Task description: Copy all the entries word for word, but omit the pictures.

Data shown START

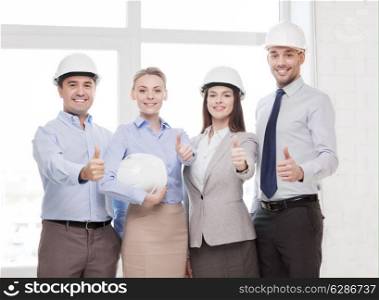 business, architecture and office concept - happy team of architects in office showing thumbs up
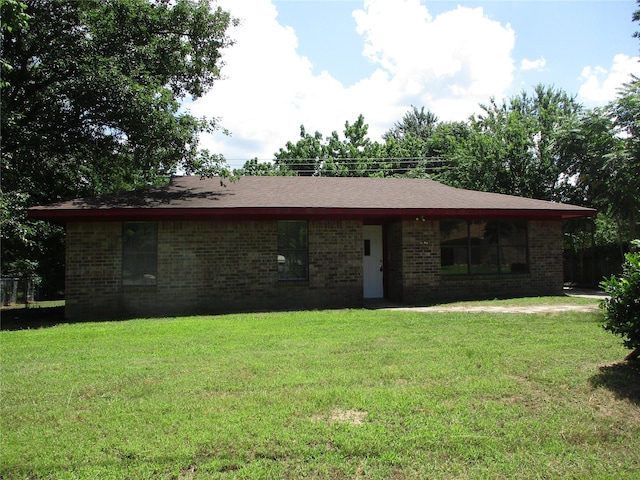 261 Airport Rd, Emory, TX 75440 - view of front of home featuring brick siding and a front lawn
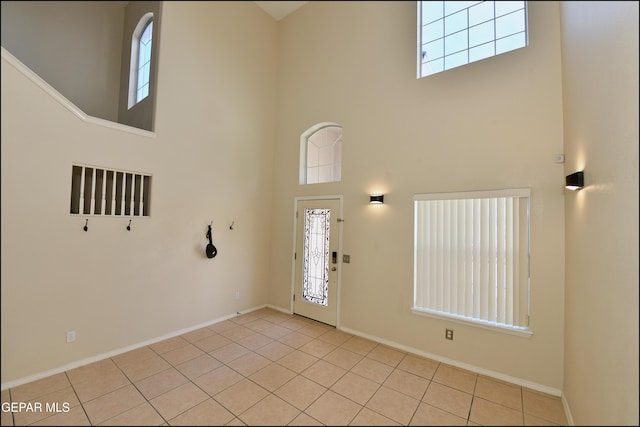 12712 Tierra Aurora Dr, El Paso, TX 79938 - foyer featuring a high ceiling, plenty of natural light, and light tile patterned floors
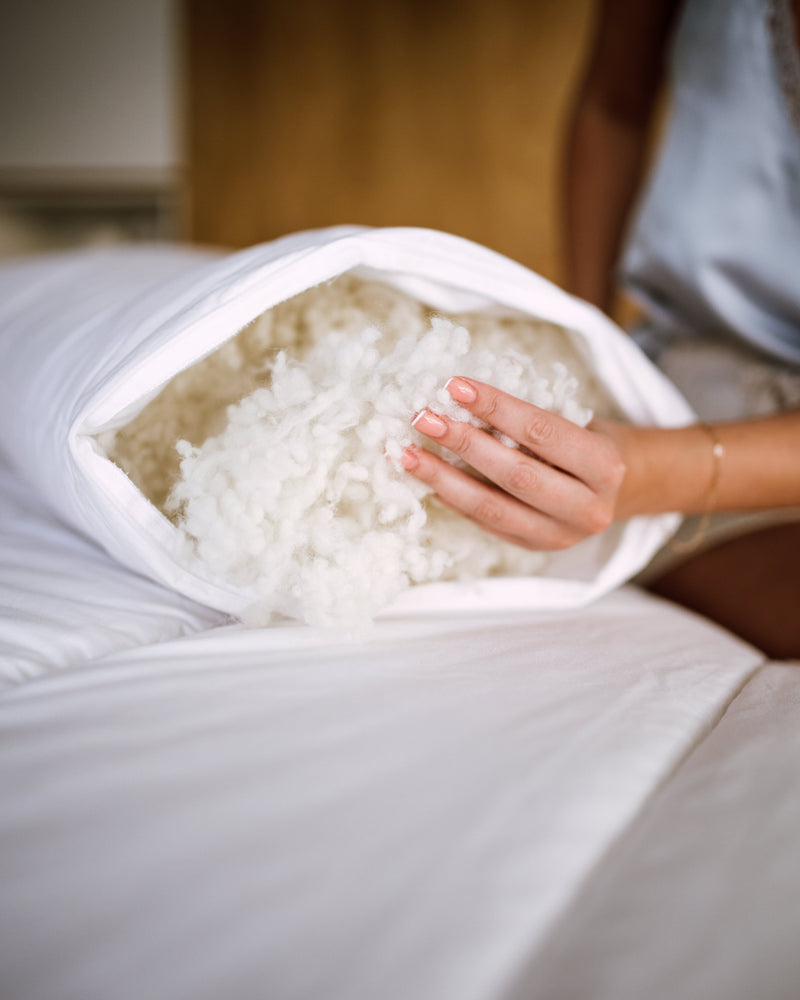 Lora & Flok wool pillow unzipped showing the natural NZ wool filling.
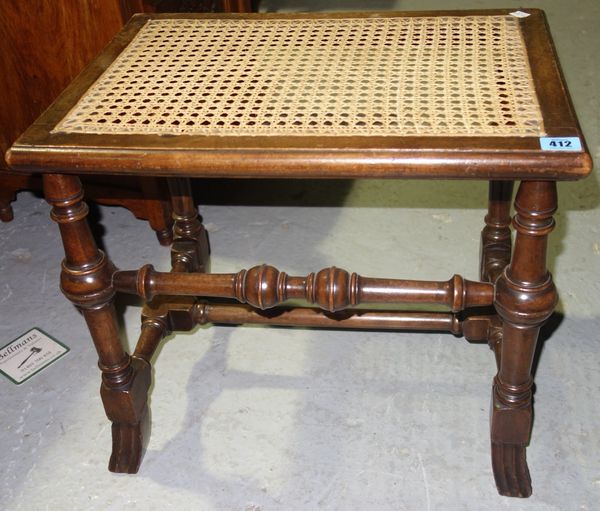 A 19th century walnut and cane stool.
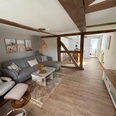 Wohnbereich der Ferienwohnung Wesertraum Lauenförde Wohnzimmer mit grauem Ecksofa, Sessel mit Fußbank, Couchtisch, gegenüber TV-Bank mit Fernseher, im hinteren Bereich Esstisch mit Stühlen, alte Holzbalken sichtbar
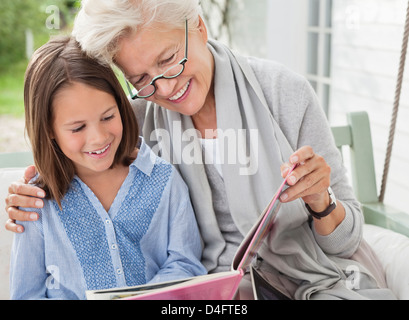 Woman and granddaughter reading on porch swing Stock Photo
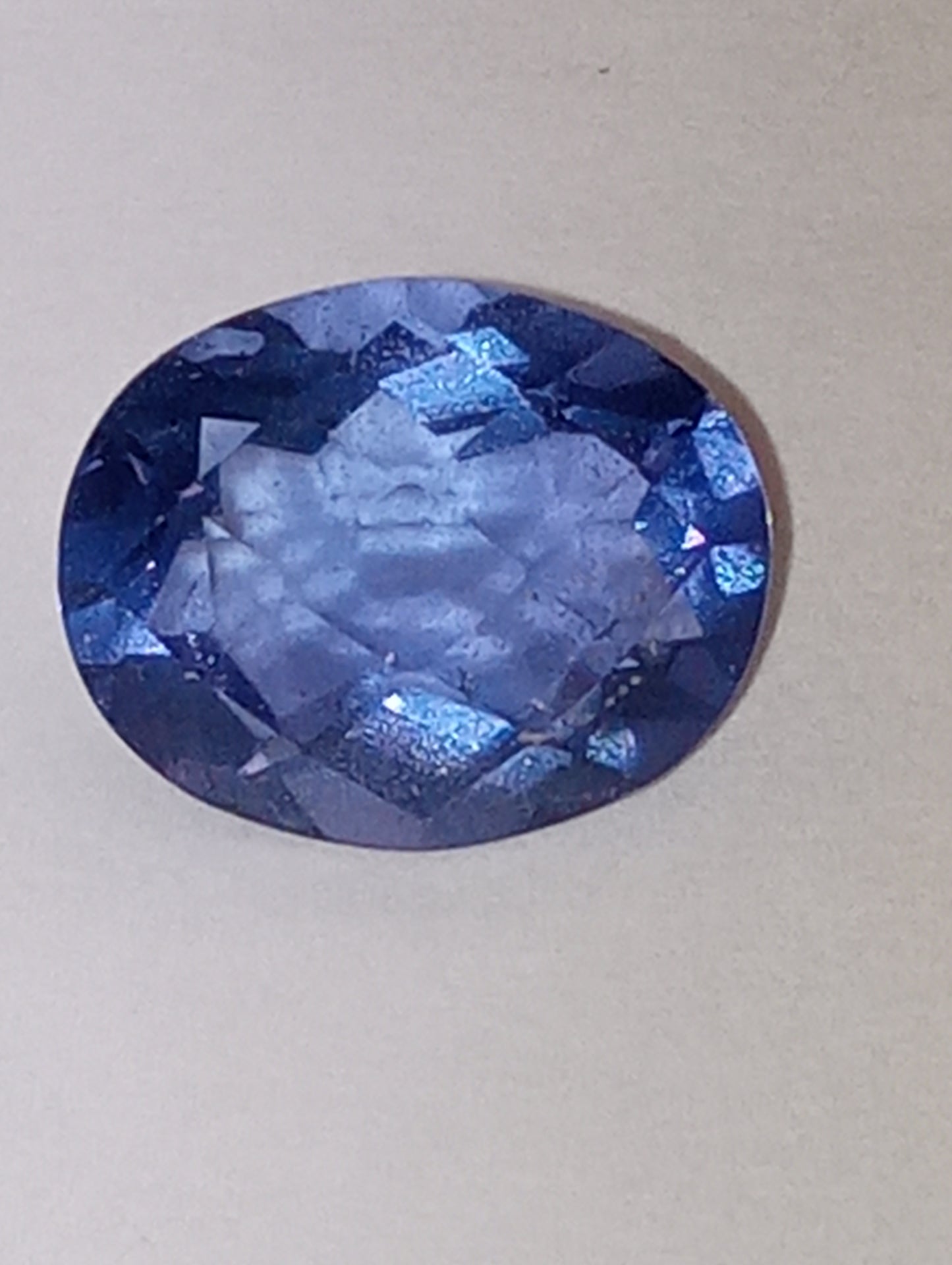 fluorite gemstone blue-purple color shift, 11mmx9mm oval cut, 4.21cts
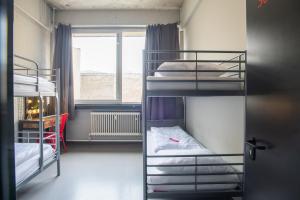 Cama ou camas em um quarto em WALLYARD Stay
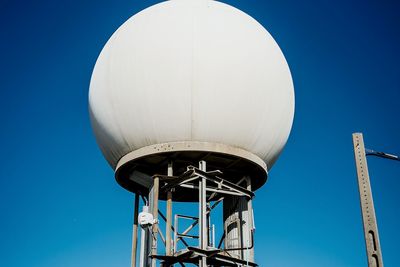 Low angle view of built structure against clear blue sky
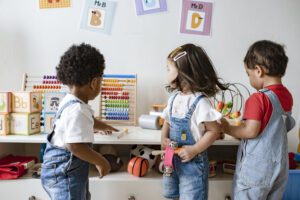 Image of preschoolers playing with toys in a classroom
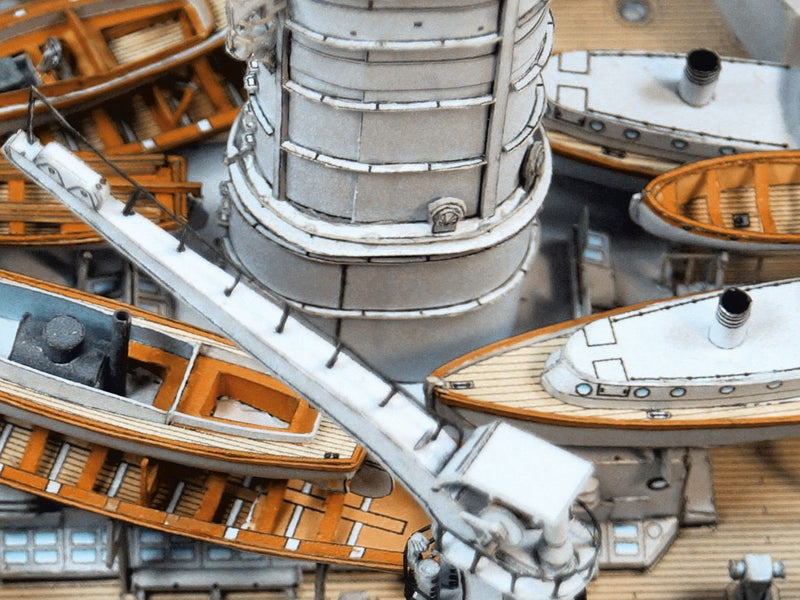 Photo of HMV S.M.S. Nassau paper model kit 1/250 scale battleship card model with detailed hull, turrets, and display stand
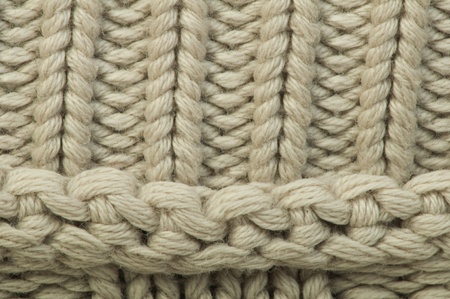 Old knit sweater background. Beige color. Studio shotの写真素材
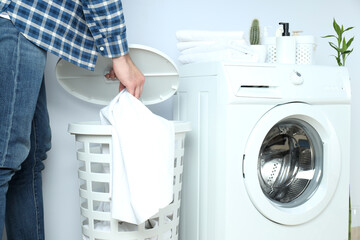 Concept of housework with washing machine and guy on white background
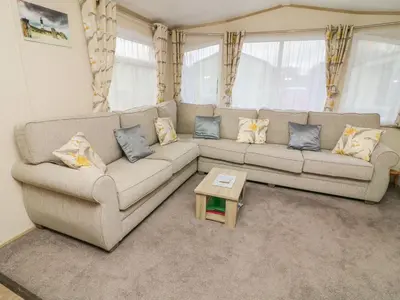 a living room with a couch and a coffee table at 12A Borwick Lakes in Carnforth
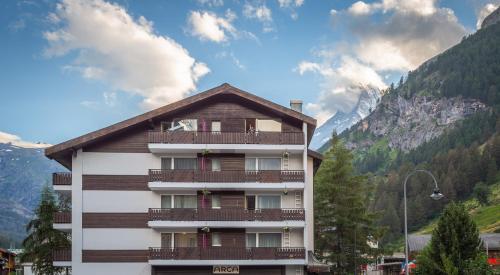 ein Gebäude mit Balkonen und einem Berg in der Unterkunft Hotel Arca Solebad & Spa in Zermatt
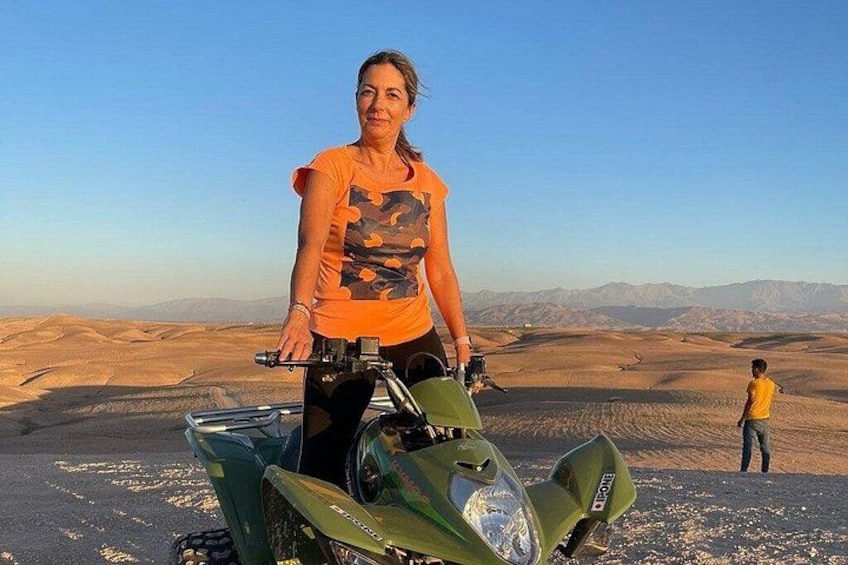 Une personne se tient à côté d’un quad vert dans un paysage désertique, avec des dunes de sable et des montagnes en arrière-plan. 3
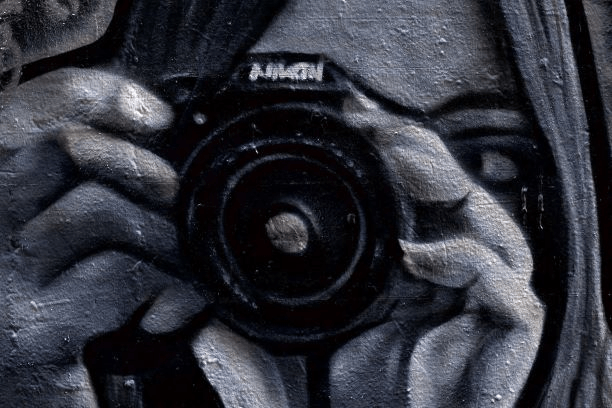 acrylic painting of a woman taking a picture from a nikon camera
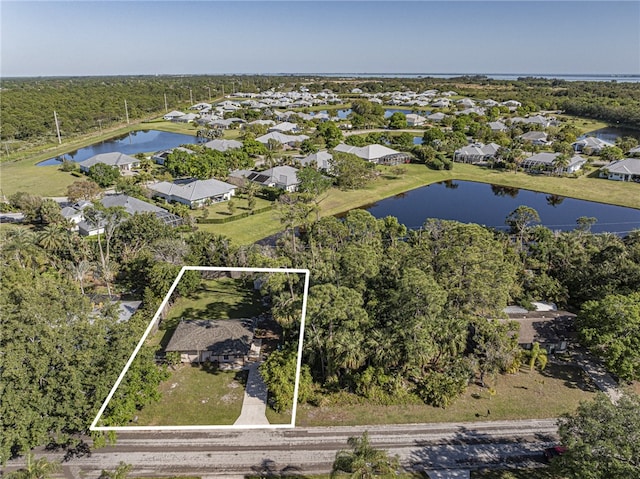 bird's eye view with a residential view and a water view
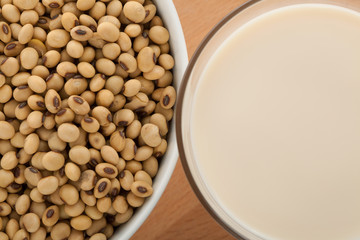 Soy milk in glass with soybeans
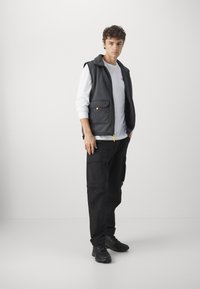Grå quilted vest med lynlås og to frontlommer, lagd over en hvid langærmet skjorte, parret med sorte cargo-bukser og sneakers.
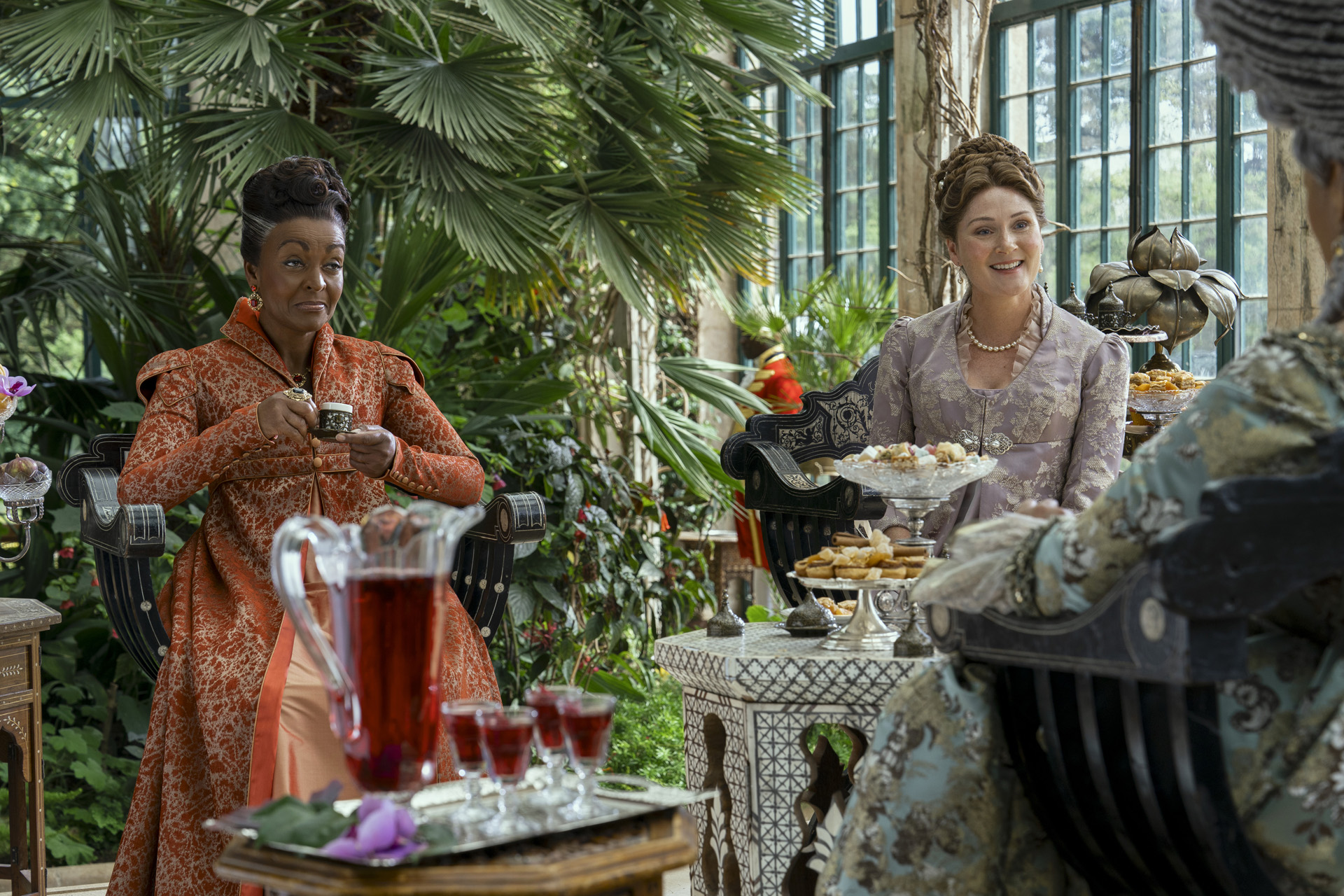 Adjoa Andoh as Lady Agatha Danbury, Ruth Gemmell as Lady Violet Bridgerton in episode 102 of Queen Charlotte: A Bridgerton Story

Data shown END

Expected answer:
 business, architecture and office concept - happy team of architects in office showing thumbs up
 261 Airport Rd, Emory, TX 75440 - view of front of home featuring brick siding and a front lawn
 12712 Tierra Aurora Dr, El Paso, TX 79938 - foyer featuring a high ceiling, plenty of natural light, and light tile patterned floors
 Lora & Flok wool pillow unzipped showing the natural NZ wool filling.
 A 19th century walnut and cane stool.
 Wohnbereich der Ferienwohnung Wesertraum Lauenförde Wohnzimmer mit grauem Ecksofa, Sessel mit Fußbank, Couchtisch, gegenüber TV-Bank mit Fernseher, im hinteren Bereich Esstisch mit Stühlen, alte Holzbalken sichtbar
 Woman and granddaughter reading on porch swing Stock Photo
 fluorite gemstone blue-purple color shift, 11mmx9mm oval cut, 4.21cts
 Cama ou camas em um quarto em WALLYARD Stay
 Low angle view of built structure against clear blue sky
 Image of preschoolers playing with toys in a classroom
 Photo of HMV S.M.S. Nassau paper model kit 1/250 scale battleship card model with detailed hull, turrets, and display stand
 Old knit sweater background. Beige color. Studio shotの写真素材
 Concept of housework with washing machine and guy on white background
 a living room with a couch and a coffee table at 12A Borwick Lakes in Carnforth
 ein Gebäude mit Balkonen und einem Berg in der Unterkunft Hotel Arca Solebad & Spa in Zermatt
 Une personne se tient à côté d’un quad vert dans un paysage désertique, avec des dunes de sable et des montagnes en arrière-plan. 3
 acrylic painting of a woman taking a picture from a nikon camera
 bird's eye view with a residential view and a water view
 Soy milk in glass with soybeans
Grå quilted vest med lynlås og to frontlommer, lagd over en hvid langærmet skjorte, parret med sorte cargo-bukser og sneakers.
 Adjoa Andoh as Lady Agatha Danbury, Ruth Gemmell as Lady Violet Bridgerton in episode 102 of Queen Charlotte: A Bridgerton Story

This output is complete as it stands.